I returned an hour later, I hadn’t pushed my luck, just a gentle ride out to the cottage to see if Monica was still there. If she was, she had moved her car because that was missing and it wasn’t in the garage.

I wiped down the bike and locked her up again, inside the men were on their third bottle of wine. I was livid, however, I decided I wasn’t going to say anything then. I would wait until the next day and hopefully they’d be sober.

After a shower, I discovered they were both asleep and the television was on. I switched it off and neither of them moved. I had work to do to check some stuff over before Des arrived the next day. Maybe I should get him to run off with me?

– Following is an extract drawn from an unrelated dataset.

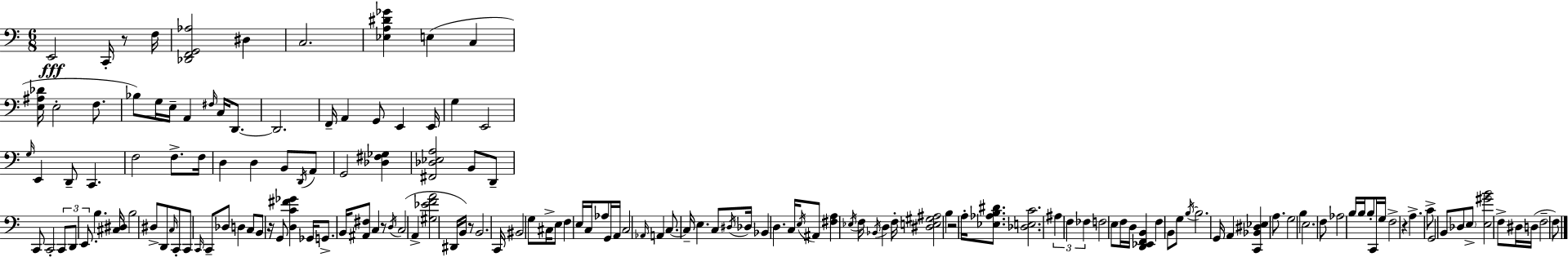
E2/h C2/s R/e F3/s [Db2,F2,G2,Ab3]/h D#3/q C3/h. [Eb3,A3,D#4,Gb4]/q E3/q C3/q [E3,A#3,Db4]/s E3/h F3/e. Bb3/e G3/s E3/s A2/q F#3/s C3/s D2/e. D2/h. F2/s A2/q G2/e E2/q E2/s G3/q E2/h G3/s E2/q D2/e C2/q. F3/h F3/e. F3/s D3/q D3/q B2/e D2/s A2/e G2/h [Db3,F#3,Gb3]/q [F#2,Db3,Eb3,A3]/h B2/e D2/e C2/e C2/h C2/e D2/e E2/e. B3/q. [C#3,D#3]/s B3/h D#3/e D2/e C3/s C2/e C2/e C2/s C2/e Db3/e D3/q C3/e B2/e R/s G2/e [D3,C4,F#4,Gb4]/q Gb2/s G2/e. B2/s [A#2,F#3]/e C3/q R/e D3/s C3/h A2/q [G#3,Eb4,F4,A4]/h D#2/s B2/s R/e B2/h. C2/s BIS2/h G3/e C#3/s E3/e F3/q E3/s C3/s Ab3/e G2/s A2/s C3/h Ab2/s A2/q C3/e. C3/s E3/q. C3/e D#3/s Db3/s Bb2/q D3/q. C3/s E3/s A#2/e [F#3,A3]/q Eb3/s F3/s Bb2/s D3/q F3/s [D#3,E3,G#3,A#3]/h B3/q R/h A3/s [Eb3,Ab3,B3,D#4]/e. [Db3,E3,C4]/h. A#3/q F3/q FES3/q F3/h E3/e F3/s D3/s [D2,Eb2,F2,B2]/q F3/q B2/e G3/e B3/s B3/h. G2/s A2/q [C2,Bb2,D#3,Eb3]/q A3/e. G3/h B3/q E3/h. F3/e Ab3/h B3/s B3/s B3/e C2/s G3/s F3/h R/q A3/q. C4/e G2/h B2/e Db3/e E3/e [E3,G#4,B4]/h F3/e D#3/s D3/s F3/h F3/e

At eleven, I went back to the dining room, Tom was asleep on one side of the table and Simon the other. I left them to it and went to bed with my book. At half past I put the light out and went to sleep.

I was awoken by somebody bumbling around the bedroom and walking into the bed and swearing, then hushing themselves, it was pathetic. This pathetic mess, then got into bed with me at the second attempt, he fell off the first time. I pretended I was asleep and lay with my back to him. He kissed me on the back of the head, and fell asleep in moments. That’s when the snoring started and my frustration began.

No matter what I tried, I could not get back to sleep. At about two in the morning, I gave up, took my pillow and a blanket and went downstairs to the lounge. I curled up on a sofa and eventually went to sleep.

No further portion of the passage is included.